■ **Description of the task**: Set down exactly the lines below between the line holding "Full page advertisement" and the line holding "Chinese gazebo in the city pondの写真素材", inclusive; no other line belongs in the answer.

■ **Material provided**:
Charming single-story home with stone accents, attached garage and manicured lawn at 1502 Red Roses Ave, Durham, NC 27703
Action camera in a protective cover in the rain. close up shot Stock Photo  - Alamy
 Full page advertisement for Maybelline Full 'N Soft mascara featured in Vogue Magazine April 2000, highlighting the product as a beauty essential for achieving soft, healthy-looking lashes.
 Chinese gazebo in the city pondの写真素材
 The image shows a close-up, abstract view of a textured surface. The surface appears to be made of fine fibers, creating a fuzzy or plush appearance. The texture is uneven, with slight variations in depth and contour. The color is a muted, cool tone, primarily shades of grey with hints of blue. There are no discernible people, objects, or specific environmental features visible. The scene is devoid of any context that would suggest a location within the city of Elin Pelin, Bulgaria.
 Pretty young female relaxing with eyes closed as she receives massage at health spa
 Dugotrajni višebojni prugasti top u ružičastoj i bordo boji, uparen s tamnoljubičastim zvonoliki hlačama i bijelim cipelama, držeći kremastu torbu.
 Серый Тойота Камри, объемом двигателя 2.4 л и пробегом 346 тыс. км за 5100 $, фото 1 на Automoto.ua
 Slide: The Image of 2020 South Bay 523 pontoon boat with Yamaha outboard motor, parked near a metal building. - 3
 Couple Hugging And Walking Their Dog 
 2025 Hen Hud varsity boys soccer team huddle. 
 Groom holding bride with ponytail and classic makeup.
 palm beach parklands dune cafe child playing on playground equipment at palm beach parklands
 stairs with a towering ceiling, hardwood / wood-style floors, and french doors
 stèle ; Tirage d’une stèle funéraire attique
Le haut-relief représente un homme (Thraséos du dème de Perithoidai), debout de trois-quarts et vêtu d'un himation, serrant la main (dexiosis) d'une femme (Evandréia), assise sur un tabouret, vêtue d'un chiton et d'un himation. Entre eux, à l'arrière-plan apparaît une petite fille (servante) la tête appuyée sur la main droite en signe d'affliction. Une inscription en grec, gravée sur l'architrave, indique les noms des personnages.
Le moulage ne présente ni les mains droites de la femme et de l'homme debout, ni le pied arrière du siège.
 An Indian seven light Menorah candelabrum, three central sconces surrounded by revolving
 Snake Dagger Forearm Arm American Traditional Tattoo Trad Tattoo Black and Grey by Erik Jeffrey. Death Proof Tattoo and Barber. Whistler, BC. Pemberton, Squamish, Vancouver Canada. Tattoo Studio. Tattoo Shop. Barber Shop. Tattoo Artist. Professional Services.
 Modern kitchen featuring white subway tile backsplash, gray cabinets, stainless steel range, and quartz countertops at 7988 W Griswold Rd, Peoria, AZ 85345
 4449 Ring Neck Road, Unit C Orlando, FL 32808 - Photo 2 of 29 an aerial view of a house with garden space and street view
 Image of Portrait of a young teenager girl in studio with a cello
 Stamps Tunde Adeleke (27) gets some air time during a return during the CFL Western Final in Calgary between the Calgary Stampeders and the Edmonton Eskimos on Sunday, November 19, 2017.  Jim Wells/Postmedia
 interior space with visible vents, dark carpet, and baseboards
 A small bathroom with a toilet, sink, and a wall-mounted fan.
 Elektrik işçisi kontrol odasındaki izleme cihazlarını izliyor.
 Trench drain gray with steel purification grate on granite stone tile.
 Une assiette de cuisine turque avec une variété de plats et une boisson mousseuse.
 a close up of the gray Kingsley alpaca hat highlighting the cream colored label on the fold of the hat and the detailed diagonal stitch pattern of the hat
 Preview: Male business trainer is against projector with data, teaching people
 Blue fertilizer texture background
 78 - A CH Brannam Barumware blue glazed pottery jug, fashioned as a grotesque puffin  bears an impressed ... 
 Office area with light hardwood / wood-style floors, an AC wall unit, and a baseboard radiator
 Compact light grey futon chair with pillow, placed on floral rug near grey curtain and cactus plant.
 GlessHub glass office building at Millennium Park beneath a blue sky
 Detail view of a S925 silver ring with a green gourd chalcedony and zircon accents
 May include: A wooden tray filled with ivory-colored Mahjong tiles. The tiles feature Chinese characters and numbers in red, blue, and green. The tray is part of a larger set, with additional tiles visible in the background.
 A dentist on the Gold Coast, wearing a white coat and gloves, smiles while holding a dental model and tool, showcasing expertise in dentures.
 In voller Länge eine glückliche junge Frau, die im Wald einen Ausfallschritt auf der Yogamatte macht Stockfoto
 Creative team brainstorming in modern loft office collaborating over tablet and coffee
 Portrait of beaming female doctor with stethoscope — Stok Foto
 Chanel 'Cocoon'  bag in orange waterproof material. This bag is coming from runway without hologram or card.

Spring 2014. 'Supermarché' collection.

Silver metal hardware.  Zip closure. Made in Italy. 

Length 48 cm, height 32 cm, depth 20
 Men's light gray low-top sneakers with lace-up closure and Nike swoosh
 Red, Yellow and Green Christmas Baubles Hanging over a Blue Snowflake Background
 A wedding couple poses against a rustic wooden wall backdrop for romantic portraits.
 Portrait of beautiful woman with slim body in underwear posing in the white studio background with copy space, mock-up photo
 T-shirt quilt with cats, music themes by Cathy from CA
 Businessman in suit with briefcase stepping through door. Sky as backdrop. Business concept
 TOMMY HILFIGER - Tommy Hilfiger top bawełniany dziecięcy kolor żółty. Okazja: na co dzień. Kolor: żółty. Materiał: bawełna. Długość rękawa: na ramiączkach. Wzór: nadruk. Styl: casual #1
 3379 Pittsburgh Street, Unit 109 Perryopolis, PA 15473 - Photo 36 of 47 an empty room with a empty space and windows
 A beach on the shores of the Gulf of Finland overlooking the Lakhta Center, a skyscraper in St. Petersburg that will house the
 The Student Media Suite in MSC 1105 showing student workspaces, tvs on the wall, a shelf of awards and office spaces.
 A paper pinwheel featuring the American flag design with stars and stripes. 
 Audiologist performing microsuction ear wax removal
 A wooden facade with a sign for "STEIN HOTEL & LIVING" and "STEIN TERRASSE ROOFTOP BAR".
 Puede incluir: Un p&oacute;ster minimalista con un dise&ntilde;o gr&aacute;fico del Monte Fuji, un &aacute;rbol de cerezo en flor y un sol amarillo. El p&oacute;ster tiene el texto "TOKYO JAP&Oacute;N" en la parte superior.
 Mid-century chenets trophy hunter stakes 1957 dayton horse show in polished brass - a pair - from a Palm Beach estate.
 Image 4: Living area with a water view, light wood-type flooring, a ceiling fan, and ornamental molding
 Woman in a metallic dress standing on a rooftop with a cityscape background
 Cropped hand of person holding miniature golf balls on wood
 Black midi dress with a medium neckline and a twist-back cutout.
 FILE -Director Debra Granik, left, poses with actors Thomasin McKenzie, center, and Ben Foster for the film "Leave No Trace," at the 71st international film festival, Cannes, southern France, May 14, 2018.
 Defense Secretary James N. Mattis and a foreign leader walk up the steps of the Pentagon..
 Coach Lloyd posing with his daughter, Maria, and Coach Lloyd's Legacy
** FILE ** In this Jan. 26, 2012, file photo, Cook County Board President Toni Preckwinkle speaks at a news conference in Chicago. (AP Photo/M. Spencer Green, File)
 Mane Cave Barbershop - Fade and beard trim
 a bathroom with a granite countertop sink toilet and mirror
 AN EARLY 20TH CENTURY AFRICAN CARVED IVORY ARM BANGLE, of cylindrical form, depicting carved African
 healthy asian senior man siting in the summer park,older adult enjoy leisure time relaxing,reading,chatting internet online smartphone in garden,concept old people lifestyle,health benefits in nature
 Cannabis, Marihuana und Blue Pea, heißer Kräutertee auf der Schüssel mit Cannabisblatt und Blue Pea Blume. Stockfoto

■ **Answer space**:
 Full page advertisement for Maybelline Full 'N Soft mascara featured in Vogue Magazine April 2000, highlighting the product as a beauty essential for achieving soft, healthy-looking lashes.
 Chinese gazebo in the city pondの写真素材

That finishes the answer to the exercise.